One of the presenters that day was Guillermo del Toro. The first set of clips he introduced was from was a low-budget horror film that he produced on that everyone has forgotten about, to the best of my knowledge. People laughed and cheered at appropriate junctions during that, as they had through the preview for the various lighthearted computer animated fluff that had made up most of the panels for the past hour+.

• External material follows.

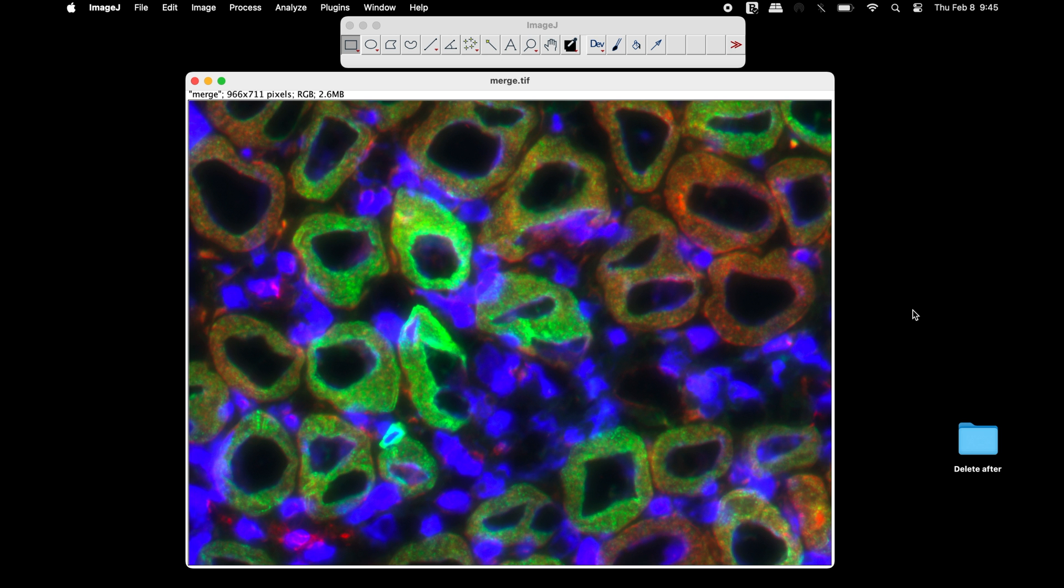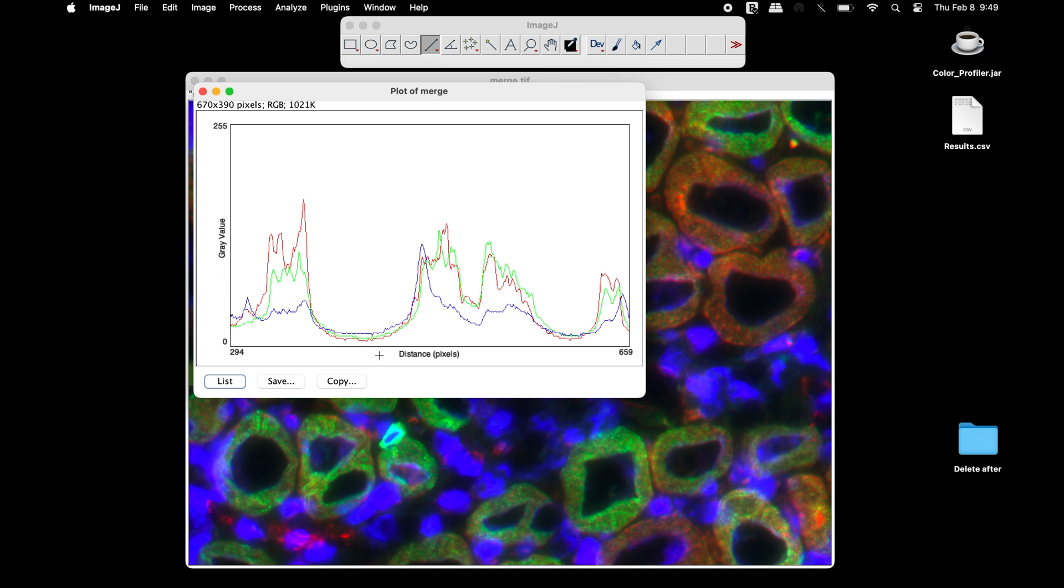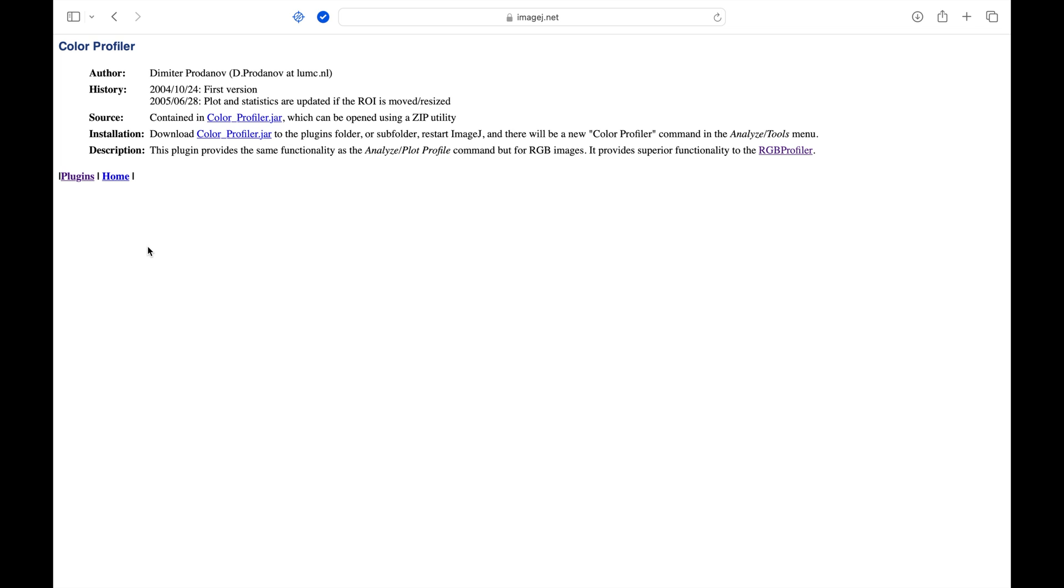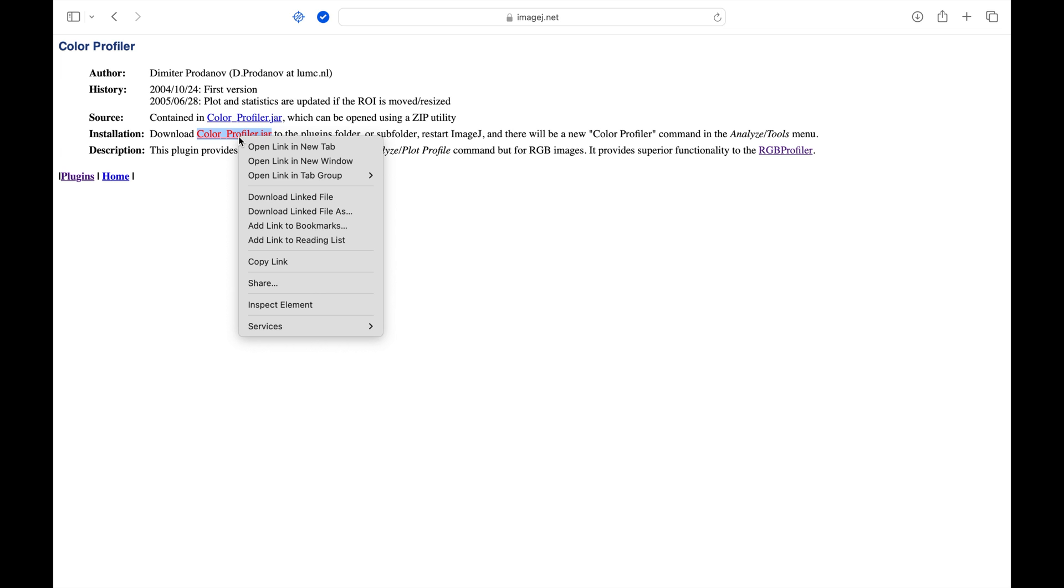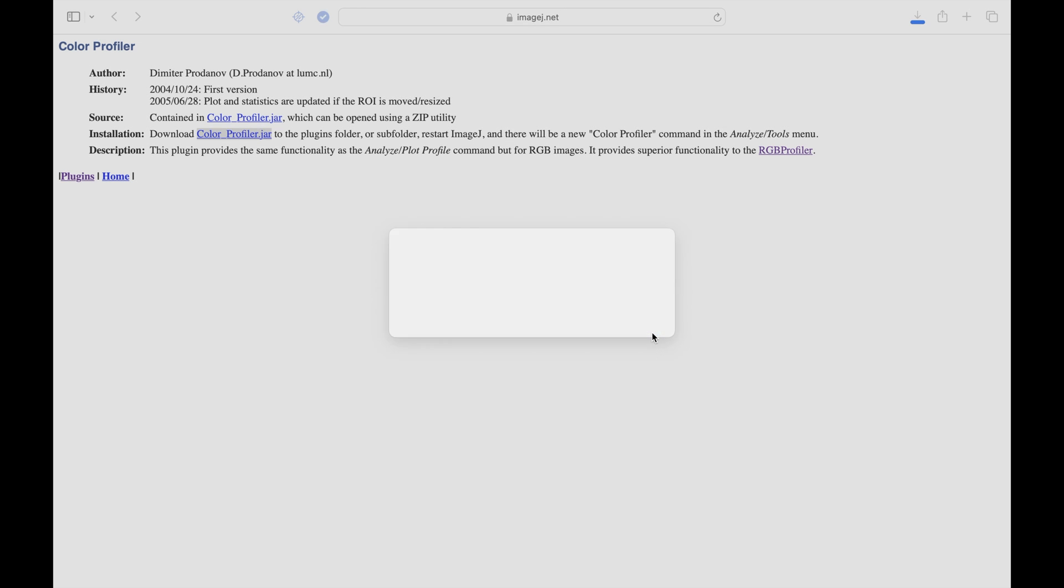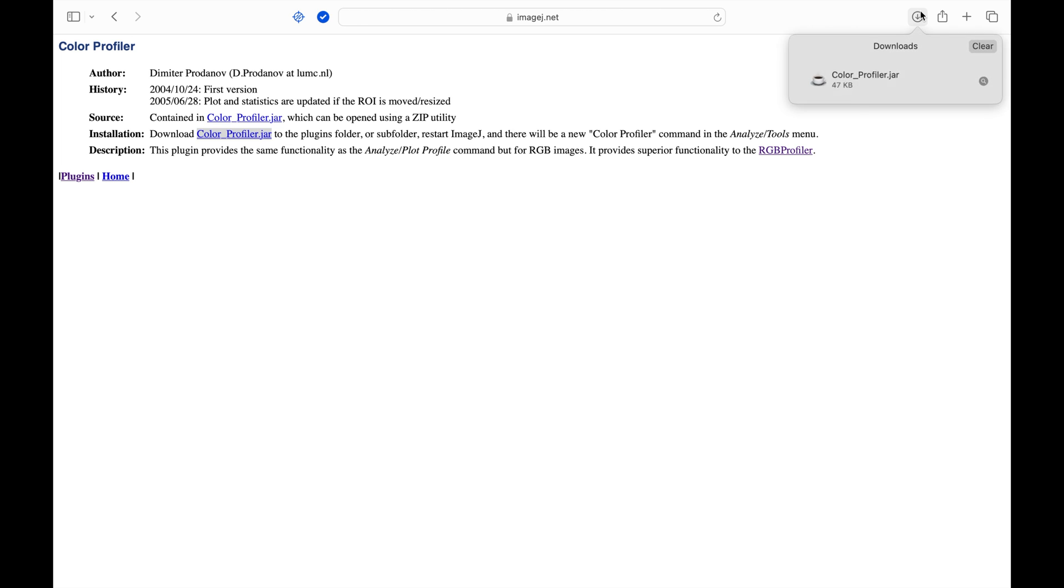We will use a plugin to generate the profile plot of an RGB image using ImageJ. Head to this website and download the colorprofiler.jar plugin. The link to this website is provided in the description below.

The second set was the elevator scene from Drive. No one made a fucking sound during most of it, not even the low-level coughing or whispering that was not unusual during the other panels. There was a burst of nervous laughter when Gosling's character first starts fighting the thug; there was another room-wide burst of gasping/horrified laughter at the first head-crunch noise. Other than that, total silence, plus a palpable sense, even after the brief Q&A with Refn and del Toro that followed, of "what the fuck just happened here."
posted by kagredon at 7:27 PM on July 14, 2013 [3 favorites]


It is a thing.
posted by Artw at 8:06 PM on July 14, 2013


Bingo.

Also the makeout scene - head stomping seque was a little brusque for me.


"A little brusque" would be an understatement for me, and I liked the movie. Maybe Caché broke me on episodes of sudden, shocking violence.
posted by Rustic Etruscan at 8:22 PM on July 14, 2013


It's certainly off my list of dating tips.
posted by Artw at 8:26 PM on July 14, 2013


Maybe Caché broke me on episodes of sudden, shocking violence.

Are you maybe thinking of Irreversible rather than Caché?
posted by Flashman at 5:26 AM on July 15, 2013


Oh no, I'm thinking of Caché. I haven't seen Irreversible. Considering my reaction to the bottle scene in Pan's Labyrinth, I'm not sure I want to. I'm not sure I would have seen Drive if I'd known the elevator scene was coming.
posted by Rustic Etruscan at 6:08 AM on July 15, 2013


Repo Man!
posted by Artw at 6:39 AM on July 15, 2013


#RejectedJaegerNames

(wrong thread)
posted by Artw at 6:44 AM on July 15, 2013


Only God Forgives, the latest Refn/Gosling collaboration, is the Dissolve's first advertiser. Be curious to see how, if at all, this impacts their review of the film. (fwiw The movie is currently tracking at 33% over on Rotten Tomatoes.)

Update: Scott Tobias/Dissolve mostly dig the movie, giving it 3/5 stars. "Yet Refn’s filmmaking skills keep on sharpening with each successive effort: Only God Forgives is a sensual wonder, floating an ultra-sleek vision of Bangkok’s hotels, nightclubs, and flophouses on the keys and percussion of another score by Drive composer Cliff Martinez. It’s eye candy with a sour taste."

I watched the movie earlier today and I haven't felt so in need of a shower after leaving a theater since seeing Nicole Kidman pee on Zach Effron in The Paperboy last summer.